À l’ouverture de ce procès, j’ai déclaré haut et fort que j’étais un révolutionnaire, quelqu’un qui recherchait le changement. Messieurs les juges, je ne suis pas un criminel. J’ai toujours considéré, dans mon cœur et dans mon esprit, être un révolutionnaire. Je n’ai jamais été un criminel.
Au cours de ma carrière de soldat, lorsque j’étais encore une nouvelle recrue, lorsque j’étais commandant de peloton pendant le génocide rwandais et même lorsque j’étais formateur dans divers groupes, ainsi que lorsque j’étais chef au sein de l’UPC / les FPLC, jusqu’au moment où je suis devenu général au sein de l’armée de la République démocratique du Congo (RDC), pendant tout ce temps passé en tant que soldat, j’ai pensé que mon travail était de garantir la sécurité de l’ensemble de la population sans aucune discrimination.
Je voudrais ajouter qu’à aucun moment je n’ai arrêté de penser à ce procès. Chaque jour, je me suis demandé comment il était possible que les juges de la Chambre de première instance aient pu parvenir à la décision prise.
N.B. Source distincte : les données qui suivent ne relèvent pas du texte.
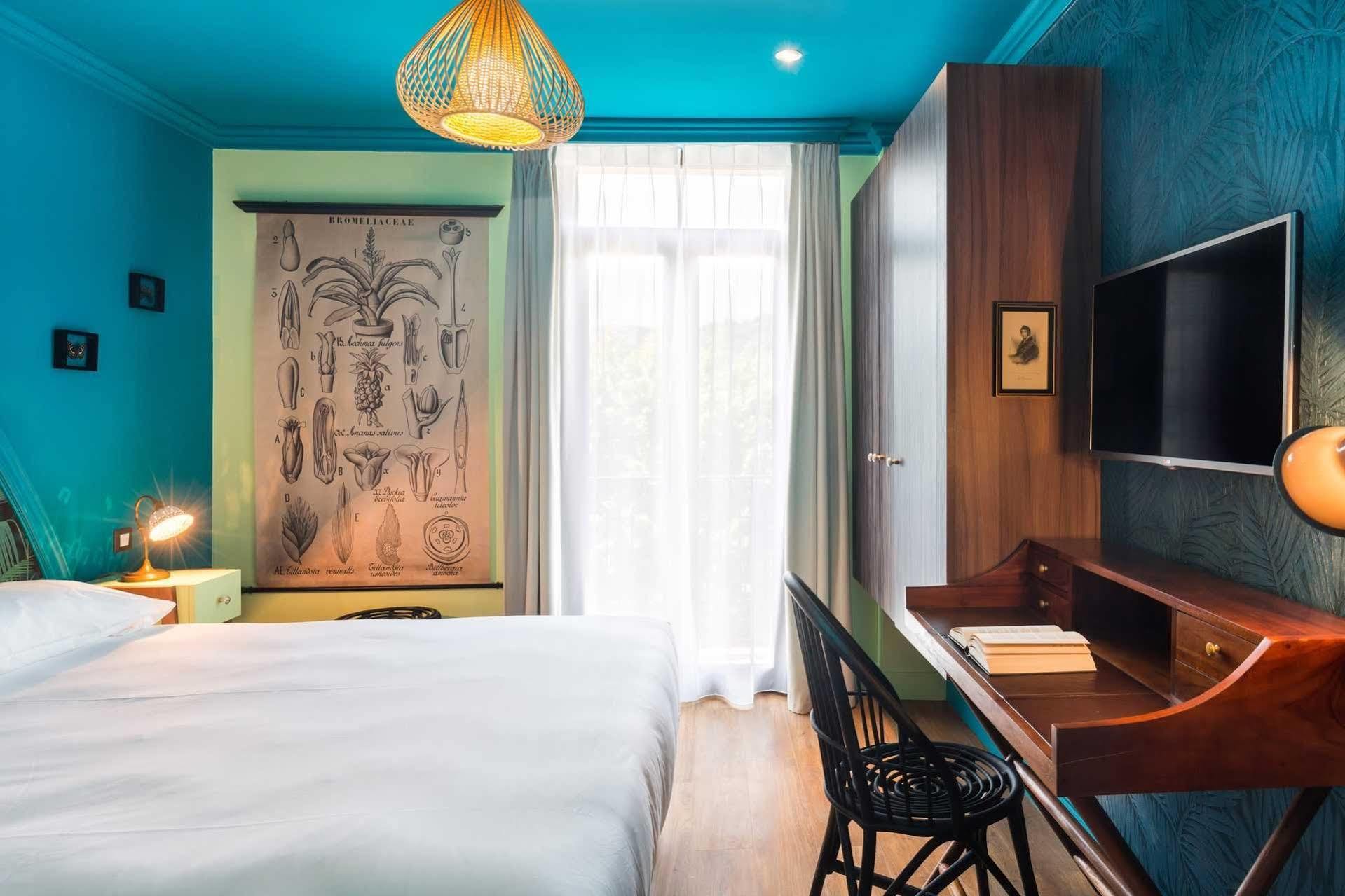 Hotel Bougainville By Happyculture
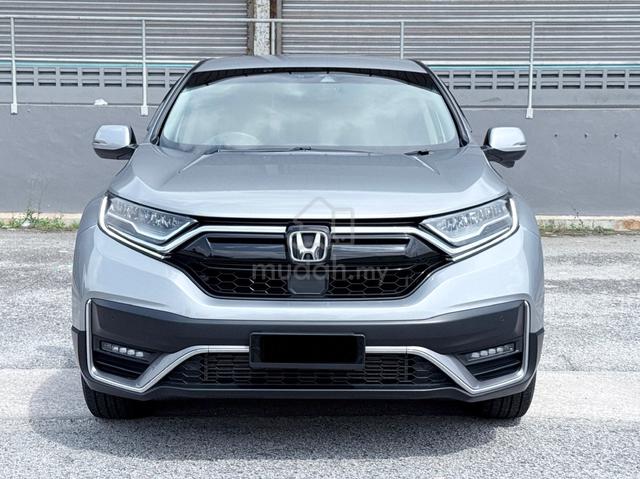 2023 Honda CR-V 1.5 TC-P 4WD (A) 33k Km Only - 1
Mon équipe de défense est une équipe d’excellence et, tout au long du procès, elle m’a fourni toutes les explications nécessaires. Les membres de cette équipe se sont conduits très convenablement devant la Chambre de première instance et c’est pourquoi je me demande comment il est possible que les juges de première instance aient fini par me condamner.
La manière dont les témoins se sont présentés et ont menti devant les juges. Je ne comprends pas comment ils ont utilisé mon journal de communications. Lorsque je suis arrivé ici, mon propre chef m’a indiqué que l’équipe de défense souhaitait utiliser ce journal de bord et j’ai pensé que cela mènerait à ma libération. Il y a des évènements, qui se sont produits en 2002 et 2003, qui sont enregistrés dans ces journaux et qui constituent des événements capitaux pour les procès impliquant l’UPC / les FPLC. Ces évènements et ma conduite lors de ces conflits figurent dans ces documents. C’est la raison pour laquelle je ne comprends pas pourquoi les juges de première instance n’ont pas pris en considération l’ensemble de ces documents et informations. Mais malgré tout cela, j’ai continué à croire au principe d’équité, principe qui caractérise la Cour pénale internationale (CPI).
Monsieur le Président, messieurs les juges de la Chambre d’appel, je crois fermement que vous prendrez pleinement en considération toutes les observations déposées par mon équipe de défense et que vous évaluerez attentivement les décisions prises par la Chambre de première instance, particulièrement en ce qui concerne les témoins qui n’ont pas dit la vérité et qu’ainsi, en se basant sur ce qui précède, vous allez réviser ma condamnation. Même si cela mène à un nouveau procès, ce qui demandera beaucoup de temps, j’y suis totalement préparé.
Pour conclure, messieurs les juges, je voudrais dire un mot à l’ensemble de la population du Congo et à tous les Lendu [la communauté ethnique Lendu], et leur dire que les extraits vidéo qu’ils ont vus pendant le procès n’étaient pas du cinéma. Cela signifie que je suis calme et serein et que j’attends avec impatience votre décision dans cette affaire. »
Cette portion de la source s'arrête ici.